Comparing Multi-task and Meta Reinforcement Learning

Comparing Multi-task and Meta Reinforcement Learning

When tasks and goals are not known in advance, an agent may use either multitask learning or meta reinforcement learning to learn how to transfer knowledge from what it learned before. Recently, goal-conditioned policies and hindsight experience replay have become standard tools to address transfer between goals in the multitask learning setting. In this blog post, I show that these tools can also be imported into the meta reinforcement learning when one wants to address transfer between tasks and between goals at the same time. More importantly, I compare the computation gradients in MAML—a state of the art meta learning algorithm— to gradients in classic multi-task learning setups.

In an open-ended learning context [Doncieux et al. 2018], an agent faces a continuous stream of unforeseen tasks along its lifetime and must learn how to accomplish them. For doing so, two closely related reinforcement learning (RL) frameworks are available: multitask learning (MTL) and meta reinforcement learning (MRL).

Multitask learning was first defined in [Caruana 1997]. The general idea was to train a unique parametric policy to solve a finite set of tasks so that it would finally perform well on all these tasks. Various MTL frameworks have been defined since then [Yang and Hospedales 2014]. For instance, an MTL agent may learn several policies sharing only a subset of their parameters so that transfer learning can occur between these policies [Taylor and Stone 2009]. Multitask learning is the matter of an increasing research effort since the advent of powerful RL methods [Florensa et al. 2018; Veeriah et al. 2018; Ghosh et al. 2018].

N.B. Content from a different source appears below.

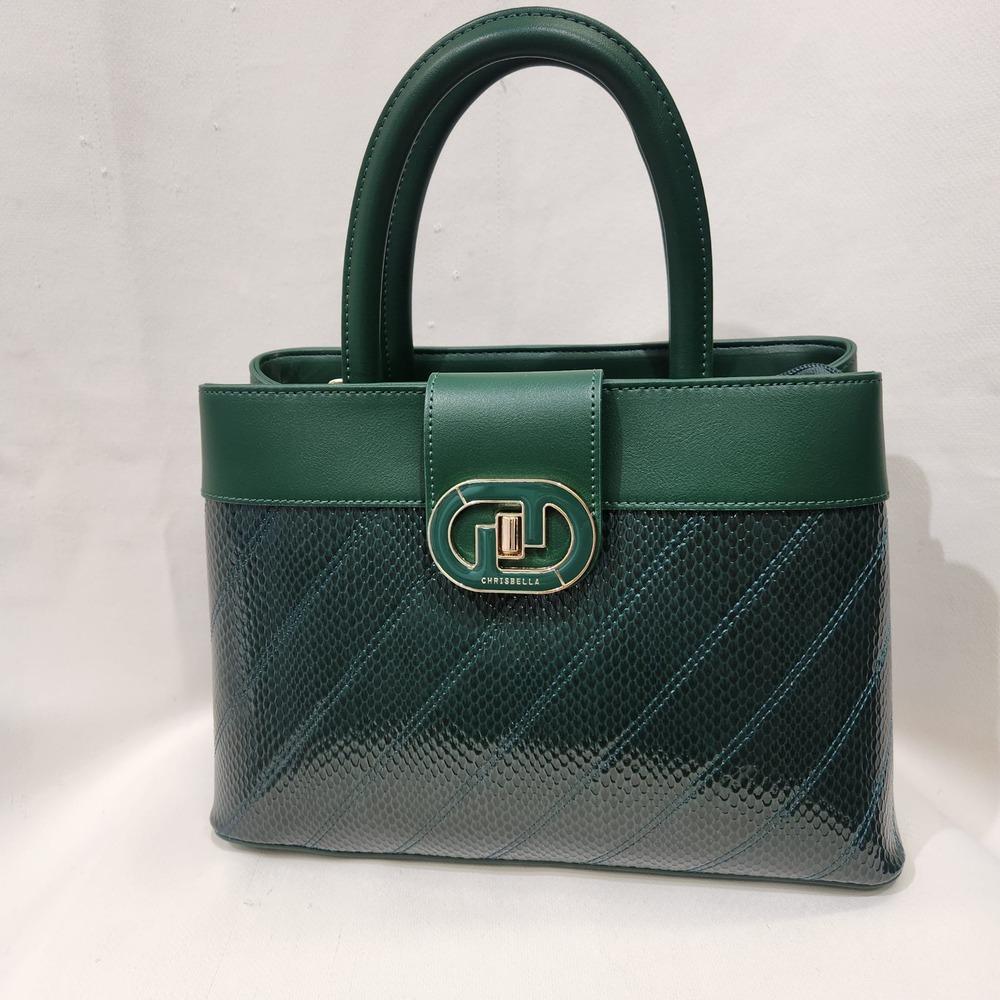 View of Mid size green patent front handbag 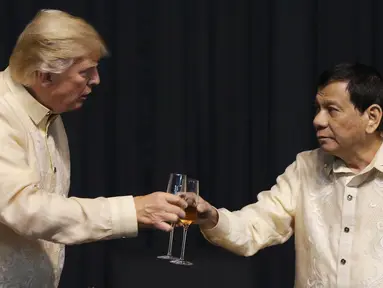 Presiden AS, Donald Trump bersulang dengan Presiden Filipina, Rodrigo Duterte dalam acara makan malam bersama konferensi ASEAN ke-31 di Manila, Minggu (12/11). Trump mengenakan pakaian resmi Filipina yaitu Barong Tagalog. (Athit Perawongmetha/Pool via AP)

Fig.1 - The Fetch Environment with different tasks and goals.

But this effort came with a drift from the multitask to the multigoal context. Actually, the distinction between tasks and goals is not always clear. In this blog post, I will mainly rely on an intuitive notion illustrated in Figure 1 of task as some abstract activity such as push blocks or stack blocks, and we define a goal as some concrete state of the world that an agent may want to achieve given its current task, such as pick block “A” and place it inside this specific area. If we stick to these definition, a lot of work pretending to transfer between tasks actually transfer between goals. Anyways, for multigoal learning, goal-conditioned policies (GC-P) have emerged as a satisfactory framework to represent a set of policies to address various goals, as it naturally provides some generalization property between these goals. Besides, the use of Hindsight Experience Replay (HER) [Andrychowicz et al. 2017] has been shown to significantly speed up the process of learning to reach several goals when the reward is sparse. In this context, works trying to learn several tasks and several goals at the same time are just emerging (see Table 1 below).

Table 1. Classification of multi-goal approaches (source [Colas et al. 2019]).

Meta reinforcement learning is a broader framework. Generally speaking, it consists in using inductive bias obtained from learning a set of policies, so that new policies for addressing similar unknown tasks can be learned in only a few gradient steps. In this latter process called fine tuning, policy parameters are tuned specifically to each new task [Rakelly et al. 2019]. The MRL framework encompasses several different perspectives [Weng 2019]. One consists in learning a recurrent neural network whose dynamics update the weights of a policy so as to mimic a reinforcement learning process [Duan et al. 2016; Wang et al. 2016]. This approach is classified as context-based meta-learning in [Rakelly et al. 2019] as the internal variables of the recurrent network can be seen as latent context variables. Another perspective is efficient parameter initialization [Finn et al. 2017], classified as gradient-based meta-learning. Here, we focus on a family of algorithms encompassing the second perspective which started with Model-Agnostic Meta-Learning MAML [Finn et al. 2017]. A crucial feature of this family of algorithms is that they introduce a specific mechanism to favor transfer between tasks, by looking for initial policy parameters that are close enough to the manifold of optimal policy parameters over all tasks.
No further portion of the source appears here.